___ Dataset entries ___

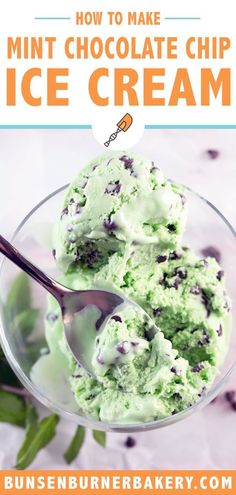 mint chocolate chip ice cream in a glass bowl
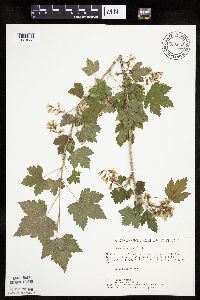 Ribes americanum image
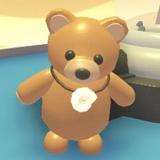 (Category: ) located in . Submitted by adoptme.sale.cheap (Listing ID 1372117282, Image 1). Description: .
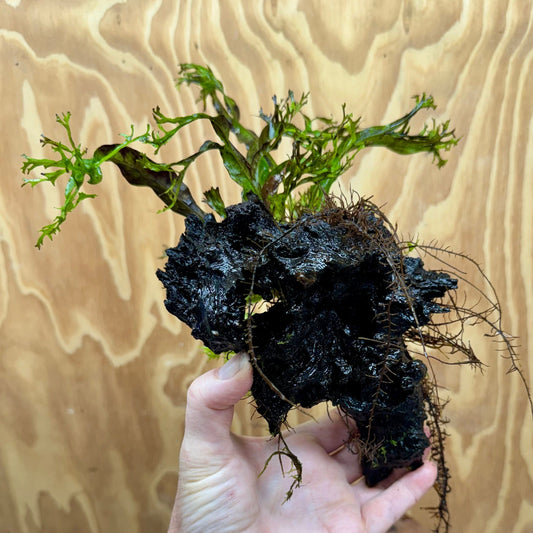 Scapeshop.com.au One Only Crested Microsorum Driftwood Creation (Windelov Java Fern) - One Only - Grand Crested Microsorum Driftwood Creation (Windelov Java Fern) - One Only - Grand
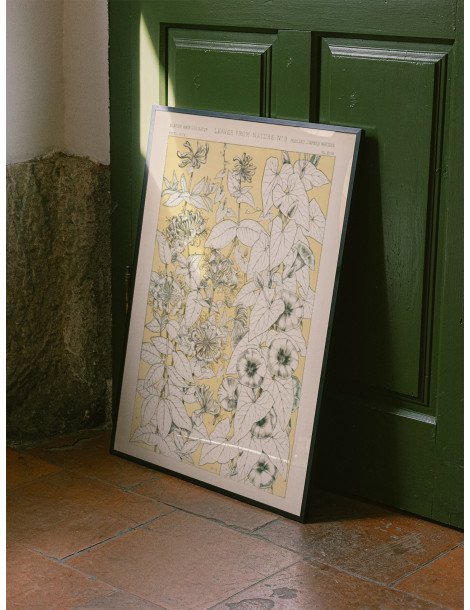 Blad från naturen - No. 9 Poster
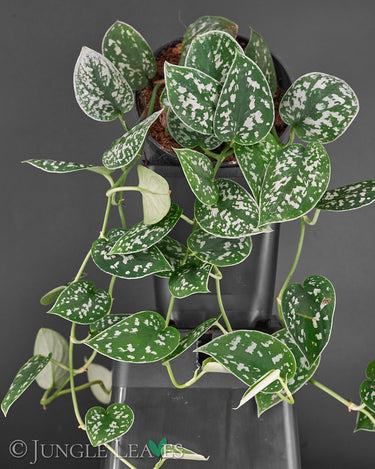 scindapsus pictus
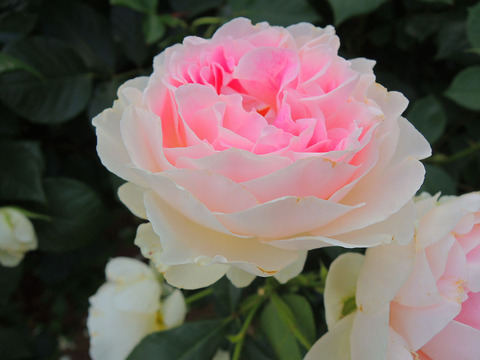 ホリデー　アイランド　ピオニーsDSCN7355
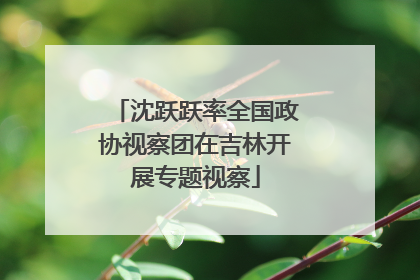沈跃跃率全国政协视察团在吉林开展专题视察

___

■ Problem
Please reproduce exactly, and nothing more, the lines from the one containing "Ribes americanum image" through the last line of the entries, both included; pictures stay out.

■ Solution to the problem
 Ribes americanum image
 (Category: ) located in . Submitted by adoptme.sale.cheap (Listing ID 1372117282, Image 1). Description: .
 Scapeshop.com.au One Only Crested Microsorum Driftwood Creation (Windelov Java Fern) - One Only - Grand Crested Microsorum Driftwood Creation (Windelov Java Fern) - One Only - Grand
 Blad från naturen - No. 9 Poster
 scindapsus pictus
 ホリデー　アイランド　ピオニーsDSCN7355
沈跃跃率全国政协视察团在吉林开展专题视察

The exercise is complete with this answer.